Matrix Size Speedup vs cuBLAS
64x64 ~1.4x
128x128 ~1.3x
192x192 ~1.4x
256x256+ cuBLAS (automatic fallback)

On edge GPUs (Jetson Nano/Orin) where cuBLAS dispatch overhead is proportionally larger, speedups of 2-4x are expected at these sizes.

Installation

pip install levi-edge

Requires: PyTorch >= 2.1, CUDA GPU, CUDA toolkit (for kernel compilation).

Usage

Global Patch (recommended)

import torch
import levi_edge

levi_edge.patch()

# Everything works as before — just faster for small matrices
A = torch.randn(64, 128, device="cuda")
B = torch.randn(128, 64, device="cuda")
C = torch.mm(A, B)  # Uses LEVI kernel

# Large matrices still use cuBLAS
C_big = torch.mm(torch.randn(1024, 1024, device="cuda"),
                 torch.randn(1024, 1024, device="cuda"))

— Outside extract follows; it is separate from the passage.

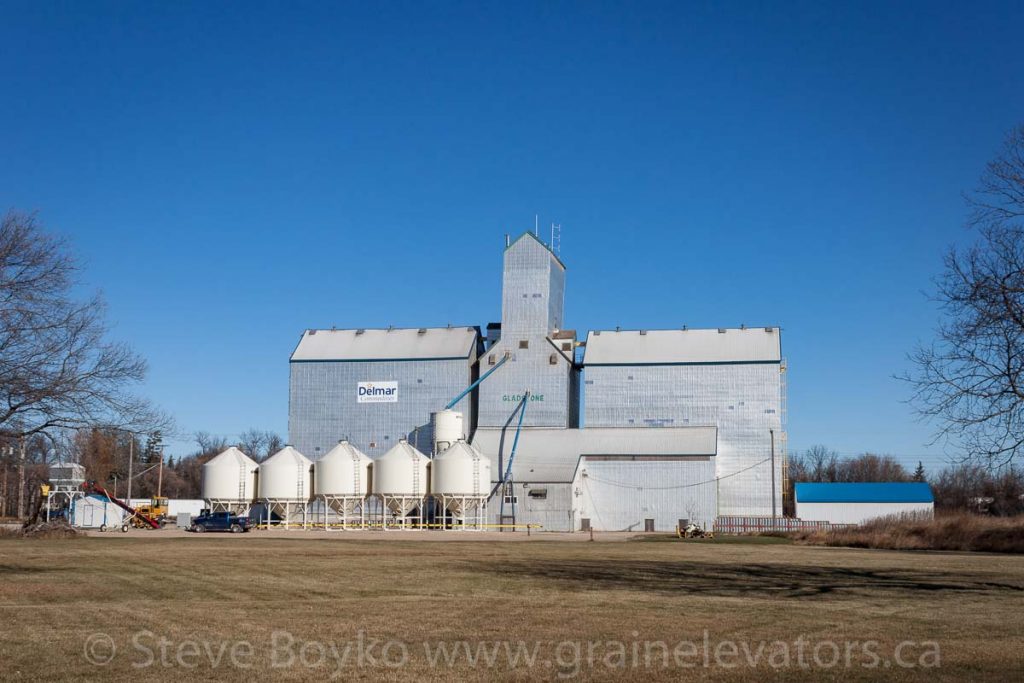 Delmar Commodities grain elevator in Gladstone, MB, Nov 2014. Contributed by Steve Boyko.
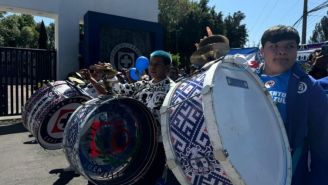 Afición de Cruz Azul organizó un 'Carnaval celeste' previo al Clásico Joven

levi_edge.unpatch()  # Restore original behavior

Direct Call

import levi_edge

C = levi_edge.mm(A, B)    # Always uses LEVI for eligible tensors
C = levi_edge.bmm(A, B)   # Batched version

Benchmark

from levi_edge.benchmark import benchmark_mm

results = benchmark_mm()  # Tests all edge-relevant sizes

Or from command line:

python -m levi_edge.benchmark

How It Works

LEVI Edge uses PyTorch's torch.library API to intercept aten::mm and aten::bmm at the CUDA dispatch level. When a matrix multiplication is called:

  1. Check dimensions: If M, N, K are all <= 256 and dtype is float32 → use LEVI kernel
  2. Select kernel: Two specialized CUDA kernels:
    • Simple kernel (M*N <= 16384): Cache-friendly with 4x loop unrolling, zero shared memory overhead
    • Tiled kernel (16384 < M*N <= 65536): 16x16 shared memory tiles for better bandwidth
  3. Fall back: For anything larger → cuBLAS handles it (zero overhead)

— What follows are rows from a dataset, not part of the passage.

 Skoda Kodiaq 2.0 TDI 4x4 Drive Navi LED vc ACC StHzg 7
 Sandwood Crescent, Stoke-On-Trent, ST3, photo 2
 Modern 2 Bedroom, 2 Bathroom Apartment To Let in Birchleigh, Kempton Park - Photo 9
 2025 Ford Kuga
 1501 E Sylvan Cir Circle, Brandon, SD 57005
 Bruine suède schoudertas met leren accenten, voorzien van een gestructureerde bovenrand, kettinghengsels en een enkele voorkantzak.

Autograd works transparently — no special handling needed.

When Is This Useful?

  • Edge AI inference (Jetson Nano/Orin, mobile GPUs): Small MLPs, classifiers
  • Transformer attention heads: Head dimensions typically 32-128
  • Sensor fusion: Multiple small matrix operations in real-time
  • Robotics: Low-latency inference on embedded GPUs
  • Batch-1 inference: Single-sample inference where cuBLAS overhead dominates

When Is This NOT Useful?

  • Large batch training (batch sizes >> 256)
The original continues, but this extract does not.